Page MenuHomePhabricator

mw1247: IPMI Sensor Status UNKNOWN internal IPMI error
Closed, ResolvedPublic

Event Timeline

ayounsi triaged this task as Medium priority.Nov 6 2019, 7:01 PM
ayounsi created this task.
Restricted Application added a subscriber: Aklapper. · View Herald TranscriptNov 6 2019, 7:01 PM
Dzahn added a subscriber: Dzahn.Nov 6 2019, 7:19 PM

going through:

https://wikitech.wikimedia.org/wiki/Management_Interfaces#Troubleshooting_Commands

  • Does IPMI works locally?

No, it's "busy".

[mw1247:~] $ sudo ipmi-chassis --get-chassis-status
ipmi_cmd_get_chassis_status: BMC busy
  • Does IPMI work remotely?

No.

[cumin1001:~] $ sudo ipmitool -I lanplus -H "mw1247.mgmt.eqiad.wmnet" -U root -E chassis power status
..
Error: Unable to establish IPMI v2 / RMCP+ session

So chassis_status here is "BMC busy". That is an uncommon error.
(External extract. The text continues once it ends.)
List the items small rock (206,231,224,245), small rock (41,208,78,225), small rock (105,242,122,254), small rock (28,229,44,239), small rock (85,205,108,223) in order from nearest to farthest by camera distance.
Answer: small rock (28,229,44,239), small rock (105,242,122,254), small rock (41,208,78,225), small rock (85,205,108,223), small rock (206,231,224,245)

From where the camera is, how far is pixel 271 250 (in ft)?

The common ones are internal system error or driver timeout.

Trying rac reset

Dzahn added a comment.Nov 6 2019, 7:21 PM

Can't ssh to mgmt to do racreset. Needs help from onsite then. adding dcops.

Dzahn assigned this task to Jclark-ctr.Nov 6 2019, 7:22 PM
Dzahn lowered the priority of this task from Medium to Low.
Dzahn edited projects, added ops-eqiad; removed observability.
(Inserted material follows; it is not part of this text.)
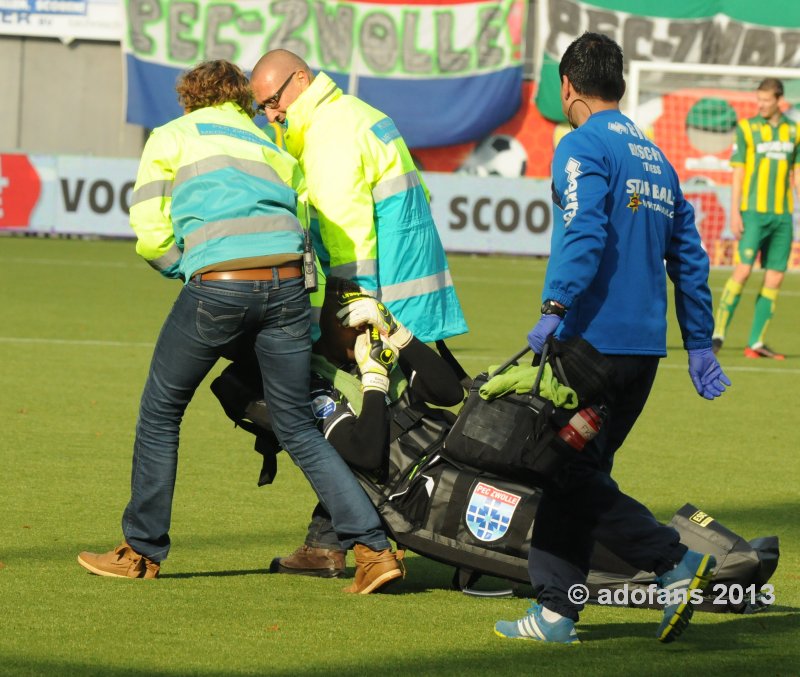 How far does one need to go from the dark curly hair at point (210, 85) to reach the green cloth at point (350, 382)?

@Jclark-ctr Please see if you can reset the DRAC. If the server needs to go down please ping me or somebody else in serviceops to depool it.
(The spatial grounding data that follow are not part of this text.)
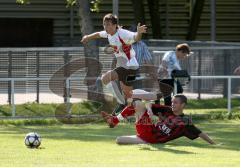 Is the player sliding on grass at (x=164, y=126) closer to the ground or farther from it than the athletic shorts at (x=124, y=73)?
closer to the ground

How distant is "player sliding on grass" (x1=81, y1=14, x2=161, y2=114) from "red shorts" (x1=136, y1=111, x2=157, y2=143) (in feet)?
5.26

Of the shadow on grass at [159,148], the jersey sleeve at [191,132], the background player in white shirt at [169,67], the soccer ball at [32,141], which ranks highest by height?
the background player in white shirt at [169,67]

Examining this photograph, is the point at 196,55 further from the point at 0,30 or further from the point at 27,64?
the point at 0,30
Dzahn added a comment.Nov 6 2019, 9:24 PM

server is depooled now.

preformed flea power drain

Dzahn added a comment.Nov 6 2019, 9:59 PM
  • ssh to mgmt works again
  • local IPMI works again
  • Icinga check changed to "ipmi_sdr_cache_open: /root/.freeipmi/sdr-cache/sdr-cache-mw1247.localhost: internal IPMI error"
Dzahn closed this task as Resolved.Nov 6 2019, 10:02 PM

and now it's fixed and Icinga is green again on next check. Thanks @Jclark-ctr for the quick response!